Chapter Summary

As markets for manufactured goods increased both domestically and overseas, Britain was able to respond with increased production, largely because of its stable government, abundant natural resources, and flexible labor force. The first factories arose as a result of innovations in the textile industry. The demand for improvements in energy led to innovations and improvements in the steam engine, which transformed the iron industry, among others. In the early nineteenth century transportation of goods was greatly enhanced with the adoption of steam-powered trains and ships.

After 1815 continental European countries gradually built on England’s technical breakthroughs. Newly established corporate banks worked in conjunction with government interventions in finance and tariff controls to promote railroads and other industries. Beginning around 1850 Japan and the United States also began to rapidly industrialize, but generally the Industrial Revolution spread more slowly outside of Europe, as many countries were confined to producing agricultural goods and other raw materials to serve European markets.

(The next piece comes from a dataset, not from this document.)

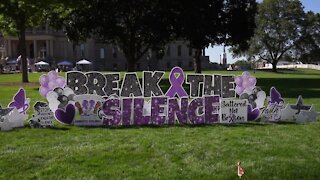 Friends of mother and daughter killed in Lansing speak at domestic violence rally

The rise of modern industry had a profound impact on society, beginning in Britain in the late eighteenth century. Industrialization led to the growing size and wealth of the middle class and the rise of a modern industrial working class. Improvements in the standard of living came slowly, but they were substantial by 1850. Married women withdrew increasingly from wage work and concentrated on child care and household responsibilities. The era of industrialization also fostered new attitudes toward child labor, encouraged protective factory legislation, and called forth a new sense of class feeling and an assertive labor movement. Slave labor in European colonies contributed to the rise of the Industrial Revolution.